Hosted Transcription Systems are prototype Speech Recognition platforms that automatically transcribe multimedia to create accessible multimedia transcripts .
Hosted Transcription Systems perform offline transcription of audio and video files. They convert digital audio and video (such as mp3, MPG, WMV, AVI) into a suitable format for processing. To use these systems, authenticated users visit an online portal, log into their secure accounts, and then upload a media file for automatic transcription.
Traditional transcripts are typically generated by converting a spoken language source (audio, video) into text. This process is typically achieved by listening and manually typing what is heard.
Multimedia Transcripts refer to speech recognition generated text that is synchronized with a spoken language source and possibly other media (slides, images, etc). The Liberated Learning Consortium has been developing alternate multimedia transcript formats that increase access to transcribed lectures.
Based on the format of the recorded lecture and on the learner’s preferences, content can be viewed in a number of predefined layouts or adjusted dynamically. Although the content is automatically synchronized, disaggregated content is also available, which allows learners to self-select the individual learning objects and combinations (text only, text and audio, etc) that suit individual preferences.
To support the Liberated Learning Consortium’s objective to improve recognition accuracy, IBM Research and Nuance have engineered next generation speech recognition engines and customizable platforms that can automatically transcribe recorded media. These flexible systems can be implemented locally or virtually via a cloud computing environment.
2009 – 2011 Activities
IBM Research developed the consortium’s first Hosted Transcription System called IBM HTS. IBM HTS is a speaker independent system; this means no voice training is required. It uses a double pass decoding technique and adjusts to the speaker’s voice to produce more accurate transcription results. IBM HTS is currently being used by Trent University, University of Southampton, UMASS Boston, Algonquin College, and the Youth Initiative.
Other Consortium partners have developed Hosted Transcription systems. MIT’s Spoken Language Systems group created the MIT Lecture Browser through MIT’s Computer Science and Artificial Intelligence Laboratory (CSAIL). The Lecture Browser uses speech recognition to transcribe and index hundreds of MIT lectures and allows users to search for key topics. The University of Sheffield implemented a system called webASR. The goal of webASR is to provide free access to state-of-the-art speech recognition to a widespread community. IBM Human Ability and Accessibility Center’s AbilityLab is working with the Consortium to test another example of a Hosted Transcription System called Media Captioner and Editor . It uses speech recognition to create captions automatically.

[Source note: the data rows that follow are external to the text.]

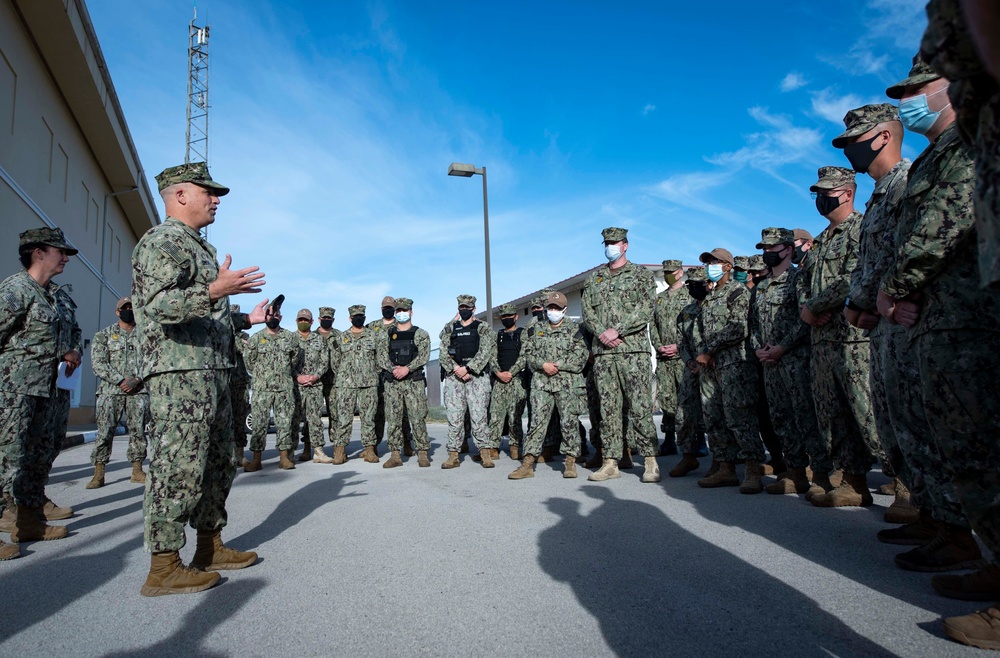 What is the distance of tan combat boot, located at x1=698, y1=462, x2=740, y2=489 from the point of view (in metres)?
5.56

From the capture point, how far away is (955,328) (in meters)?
2.27

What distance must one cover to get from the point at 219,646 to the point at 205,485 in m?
1.24

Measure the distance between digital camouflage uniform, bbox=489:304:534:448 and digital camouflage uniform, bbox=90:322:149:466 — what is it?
14.5 feet

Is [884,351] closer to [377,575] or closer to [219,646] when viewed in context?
[377,575]

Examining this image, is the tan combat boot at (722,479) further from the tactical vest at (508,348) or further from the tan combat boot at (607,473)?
the tactical vest at (508,348)

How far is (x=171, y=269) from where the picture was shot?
10.3 ft

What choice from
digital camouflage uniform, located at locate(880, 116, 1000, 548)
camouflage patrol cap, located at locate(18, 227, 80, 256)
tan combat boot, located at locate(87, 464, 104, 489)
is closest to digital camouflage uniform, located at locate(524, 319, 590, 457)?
digital camouflage uniform, located at locate(880, 116, 1000, 548)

The Consortium is implementing two new Hosted Transcription platforms. IBM iTrans, developed by IBM Research, is a newer version of IBM HTS and operates in the same manner but with several key technical upgrades.
The Consortium is also developing a new system based on Nuance’s Dragon Software Development Kit. Collaborators include Nuance Communications, Saint Mary’s University, Purdue University, University of Southampton, Trent University, and Macquarie University.